Having disclosed several embodiments, it will be recognized by those of skill in the art that various modifications, alternative constructions, and equivalents may be used without departing from the spirit of the embodiments. Additionally, a number of well-known processes and elements have not been described in order to avoid unnecessarily obscuring the present technology. Accordingly, the above description should not be taken as limiting the scope of the technology. Additionally, methods or processes may be described as sequential or in steps, but it is to be understood that the operations may be performed concurrently, or in different orders than listed.
Where a range of values is provided, it is understood that each intervening value, to the smallest fraction of the unit of the lower limit, unless the context clearly dictates otherwise, between the upper and lower limits of that range is also specifically disclosed. Any narrower range between any stated values or unstated intervening values in a stated range and any other stated or intervening value in that stated range is encompassed. The upper and lower limits of those smaller ranges may independently be included or excluded in the range, and each range where either, neither, or both limits are included in the smaller ranges is also encompassed within the technology, subject to any specifically excluded limit in the stated range. Where the stated range includes one or both of the limits, ranges excluding either or both of those included limits are also included.
As used herein and in the appended claims, the singular forms “a”, “an”, and “the” include plural references unless the context clearly dictates otherwise.
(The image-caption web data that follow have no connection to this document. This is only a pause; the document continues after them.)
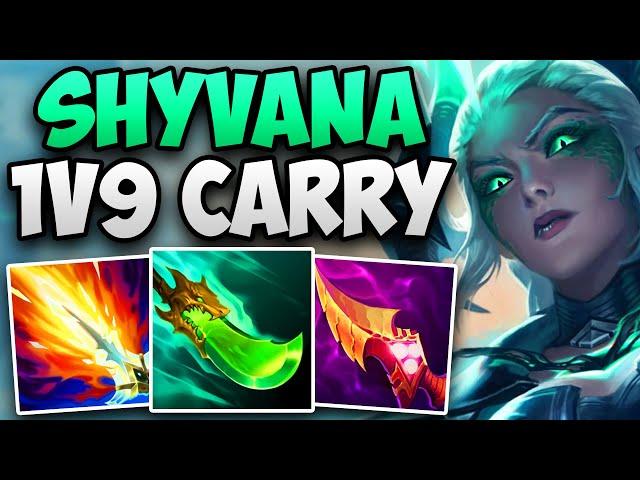 CHALLENGER SHYVANA MAIN INSANE 1V9 JUNGLE GAMEPLAY! | CHALLENGER JUNGLE SHYVANA | Patch 14.13 S14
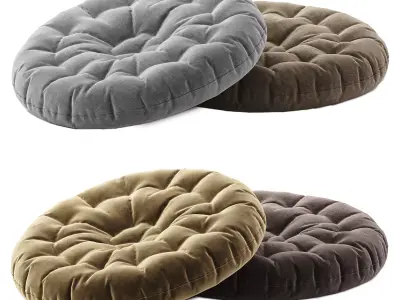 Linen Tatami Floor Pillow 3D model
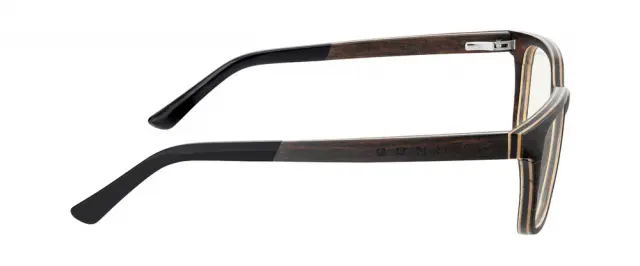 Компютърни очила GUNNAR Muir Ebony (wood), Clear Pro 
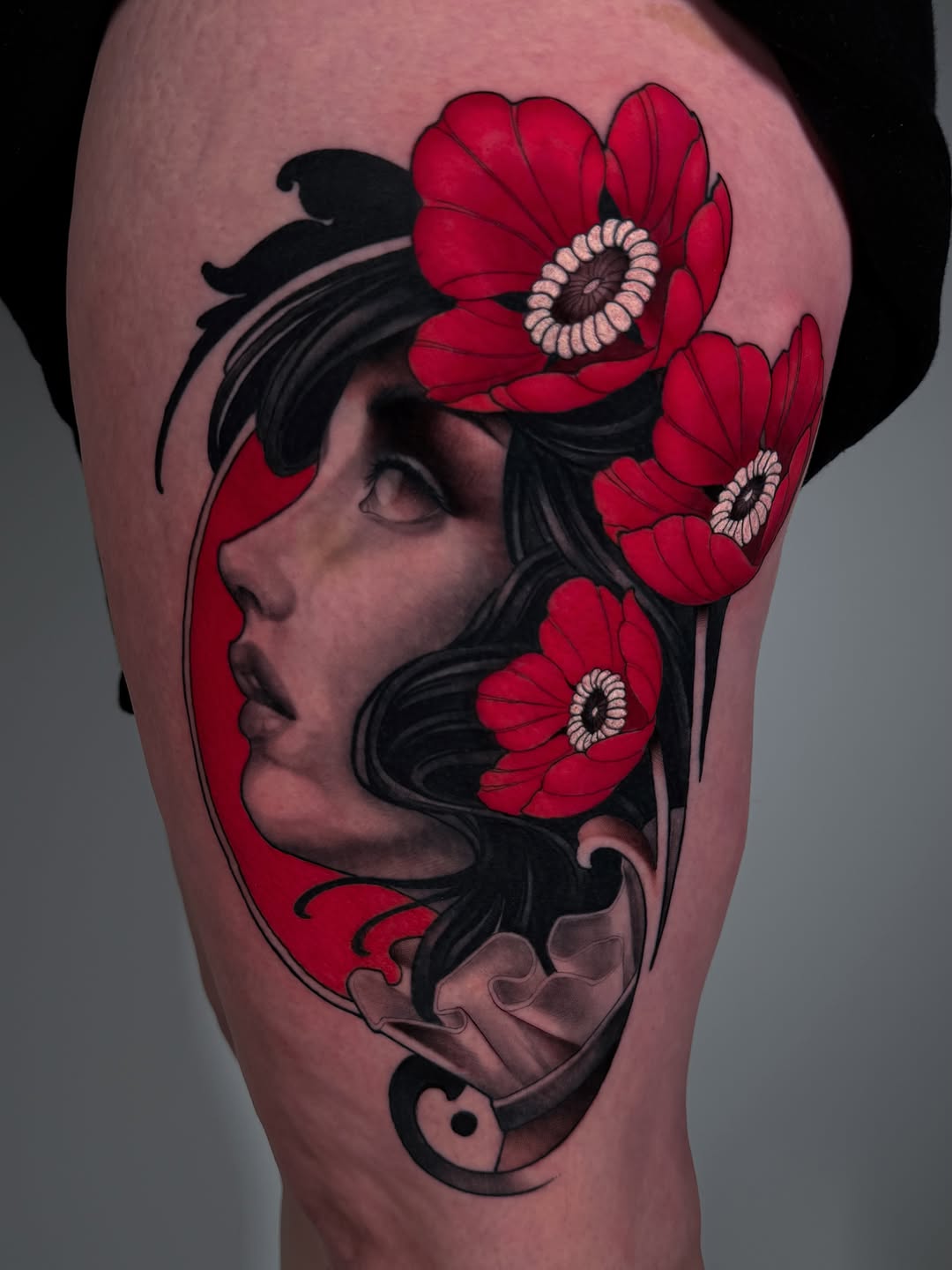 Tattoo by @cvaldestattoos — illustrative, black_and_grey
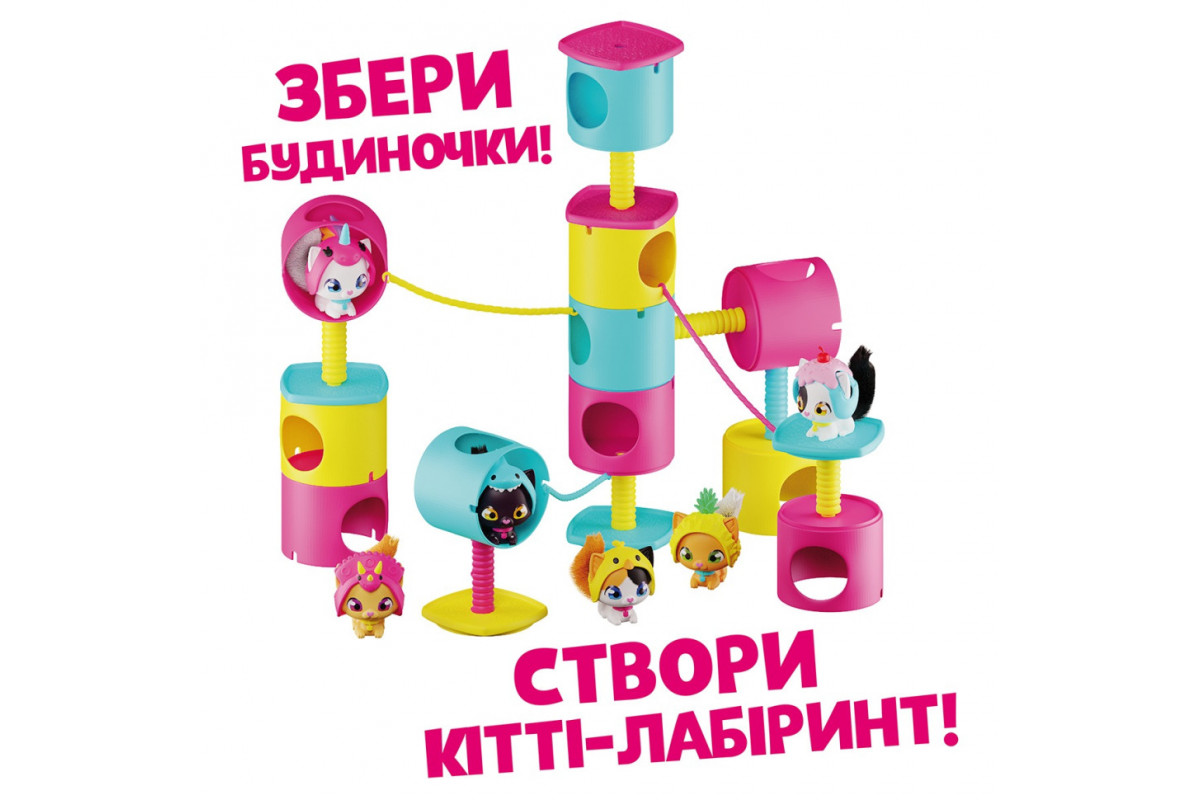 Детский игровой набор "Котенок Джинджер" QT Kitties 450001-5 фигурка, домик, аксессуары Детский игровой набор "Котенок Джинджер" QT Kitties 450001-5 фигурка, домик, аксессуары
Thus, for example, reference to “a precursor” includes a plurality of such precursors, and reference to “the layer” includes reference to one or more layers and equivalents thereof known to those skilled in the art, and so forth.
Also, the words “comprise(s)”, “comprising”, “contain(s)”, “containing”, “include(s)”, and “including”, when used in this specification and in the following claims, are intended to specify the presence of stated features, integers, components, or operations, but they do not preclude the presence or addition of one or more other features, integers, components, operations, acts, or groups.